The United States has traveled a long road in the effort to achieve equality for all its citizens. In fact, not until the middle of the 20th century did the nation take serious action to fight against discrimination. Milestones along the road show how Americans dealt with civil rights issues at various points in history.
The Declaration of Independence may have asserted that "all men are created equal," but laws clearly did not treat them that way. Slavery was a legal institution in the United States until the Thirteenth Amendment abolished it in 1865. Slavery is not specifically mentioned in the Constitution and, with the exception of the slave trade, was left to the states to deal with. The Northern states ended slavery long before the Civil War, but this did not mean that free African Americans were equal in status to whites. Laws either restricted or prevented them from voting, holding public office, serving on juries, and joining the militia.
The Missouri Compromise
By 1820, Americans recognized that the country was heading in two directions on the question of slavery. When the Missouri Territory, which allowed slavery, applied for statehood in 1819, the free states objected; the number of slave and free states was equal at that time, and the admission of Missouri would tip the balance in the Senate in favor of the proponents of slavery.

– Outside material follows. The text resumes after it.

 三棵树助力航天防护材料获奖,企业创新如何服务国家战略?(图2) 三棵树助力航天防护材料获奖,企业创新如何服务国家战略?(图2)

The Missouri Compromise, which was worked out by Henry Clay, maintained the balance by admitting Maine as a free state. Further, all territories north of latitude 36°30′ north would be free. New states were admitted in pairs: Arkansas (1836) and Michigan (1837), Florida (1845) and Iowa (1846), Texas (1845) and Wisconsin (1848).
The Compromise of 1850
The territory that the United States acquired at the end of the Mexican War raised the issue of the extension of slavery again. After considerable debate, Congress approved a series of laws known collectively as the Compromise of 1850, which admitted California as a free state, ended the slave trade in the District of Columbia, and organized the New Mexico and Utah territories with no restrictions on slavery. The South won a fugitive slave law that made harboring an escaped slave a federal crime.
The Dred Scott decision
In the 1857 Dred Scott decision, the Supreme Court ruled that slaves must remain slaves even though they reside in a free state. Chief Justice Roger B. Taney stated that African Americans were never meant to be included in the term citizen in the Constitution and, therefore, had no rights under the Constitution. Further, Taney declared that the Missouri Compromise, which was the basis for Scott's claim, was unconstitutional because it denied slave owners their property rights.
The Emancipation Proclamation and the abolition of slavery
The Civil War (1861-1865) began as a test of whether states could withdraw from the Union, but the goals of the North soon broadened to include abolishing slavery. On January 1, 1863, President Abraham Lincoln, using his war powers as commander in chief, issued the Emancipation Proclamation that freed the slaves in the rebel-held areas of the country. Technically, the proclamation did not free the slaves, but it had that effect, as thousands of slaves left Southern plantations. Slavery as an institution was not abolished until the end of the war with the ratification of the Thirteenth Amendment (1865), which the Southern states were required to accept as a condition for readmission to the Union.